Antes de o carnaval mostrar suas máscaras, o editor deste diário me disse: "você tem de viajar a Poittiers, França, para entrevistar um dos maiores filósofos de todos os séculos". No dia seguinte, já estava na cidade em que nasceu Michel Foucault. Ele me esperava. Em 15 de outubro deste ano, suas palavras completarão 98 anos e, desde 1979, quando publicou sua "Microfísica do Poder", Foucault, após 44 anos, permanece não compreendido, porque seu pensamento sobre o poder - que segue as linhas sinuosas de Nietzsche - afirma que o poder é presença-e-ausência ao mesmo tempo e no mesmo lugar. Encontrar pessoas é encontrar palavras, e eu as encontrei quando Michel Foucault pensa o poder.
Antes de mais nada, obrigado por receber o Correio da Manhã.
Por nada, é sempre bom receber o Brasil em minha casa.
Do Brasil, o que te atrai mais?
Estive em sua terra em 1965, 1973, 1974, 1975 e em 1976, e digo que terá sido apenas no Brasil e na Tunísia que eu encontrei, entre os estudantes, tanta seriedade e tanta paixão, paixões tão sérias e, o que me encanta mais do que tudo, a avidez absoluta de saber.
E hoje?
Hoje me chama atenção o dualismo político, é um país que não consegue sair da dicotomia pós-64, que é ditadura-liberdade, militarismo-comunismo, Bolsonarismo-Lulismo. Esse dualismo, porém, não representa o poder que ocorre no cotidiano.
Por que não representa?
Há 44 anos, publiquei na França "Microfísica do Poder" e, em suas páginas, falo de um poder que é e que não é ao mesmo tempo, um poder que é, ao mesmo tempo, luz e escuridão, um poder cuja não identidade é identidade. Esse poder é o mesmo de Nietzsche.
Mas não é o de Karl Marx.
Não é. Marx não detalhou a natureza da luta de classe, mas acabamos herdando uma noção muito pobre de luta.
Por quê?
Porque o poder não se reduz ao dualismo simplório entre o bem e o mal. Para sairmos disso, a leitura necessária é Nietzsche, o filósofo do poder, porque, diferente de Marx, não se fechou em uma teoria política. Nietzsche foi muito além disso, porque nos mostrou um poder de natureza neutra.

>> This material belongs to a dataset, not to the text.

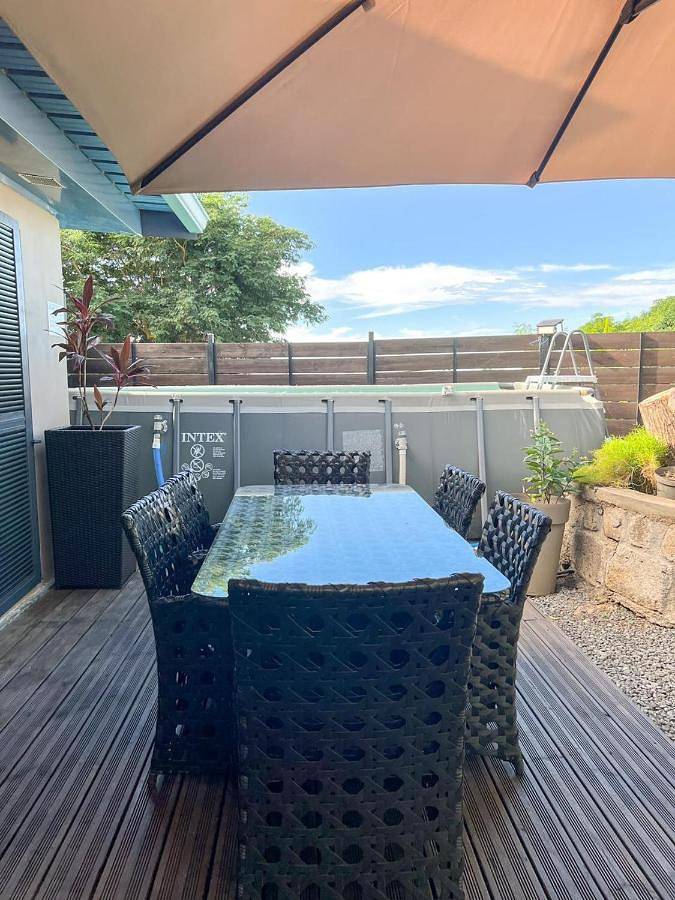 Location de vacances pour 6 personnes, avec terrasse et piscine dans Sainte-Clotilde - 3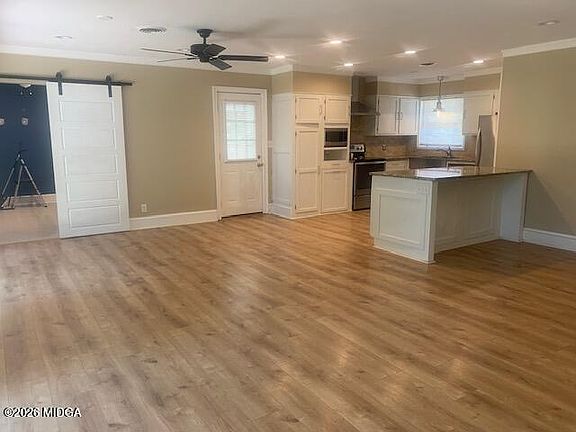 2nd image of 4650 Twin Oak Dr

Mas dizem que o poder não é neutro?
Ignoram, então, o que é neutro.
O que é o neutro?
A própria palavra significa "nem um nem outro", estando entre um-e-outro. Meu amigo Roland Barthes tem um ótimo sobre isso, "O Neutro". Antes de Nietzsche, Platão já tinha apresentado o poder em sua condição neutra.